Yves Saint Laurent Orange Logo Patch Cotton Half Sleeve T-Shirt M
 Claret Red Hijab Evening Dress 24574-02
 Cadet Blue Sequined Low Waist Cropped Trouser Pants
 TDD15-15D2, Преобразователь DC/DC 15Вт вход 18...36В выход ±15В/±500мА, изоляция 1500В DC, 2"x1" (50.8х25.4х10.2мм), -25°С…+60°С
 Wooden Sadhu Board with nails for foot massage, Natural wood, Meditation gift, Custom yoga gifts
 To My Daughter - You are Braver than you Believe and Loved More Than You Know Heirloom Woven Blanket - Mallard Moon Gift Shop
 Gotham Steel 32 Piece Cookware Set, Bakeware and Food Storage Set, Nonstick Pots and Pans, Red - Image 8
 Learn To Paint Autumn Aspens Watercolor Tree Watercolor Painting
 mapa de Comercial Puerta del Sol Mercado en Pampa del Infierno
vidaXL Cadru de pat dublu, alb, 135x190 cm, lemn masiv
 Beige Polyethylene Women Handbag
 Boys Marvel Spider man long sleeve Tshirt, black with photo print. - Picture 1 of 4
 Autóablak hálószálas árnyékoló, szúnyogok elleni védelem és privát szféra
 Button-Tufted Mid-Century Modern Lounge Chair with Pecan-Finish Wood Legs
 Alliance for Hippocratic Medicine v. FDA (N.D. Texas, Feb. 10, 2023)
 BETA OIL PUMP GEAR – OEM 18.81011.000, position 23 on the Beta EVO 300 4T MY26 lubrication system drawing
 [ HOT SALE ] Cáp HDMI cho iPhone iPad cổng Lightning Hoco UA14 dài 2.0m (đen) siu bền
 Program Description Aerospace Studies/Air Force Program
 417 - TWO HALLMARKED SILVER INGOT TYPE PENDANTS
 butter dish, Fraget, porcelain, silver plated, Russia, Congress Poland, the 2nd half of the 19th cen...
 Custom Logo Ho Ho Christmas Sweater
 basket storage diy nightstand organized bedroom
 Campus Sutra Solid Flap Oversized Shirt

| Requirement |
Your answer must be the number of lines above that contain the word "Custom", stated alone.

| Task answer |
2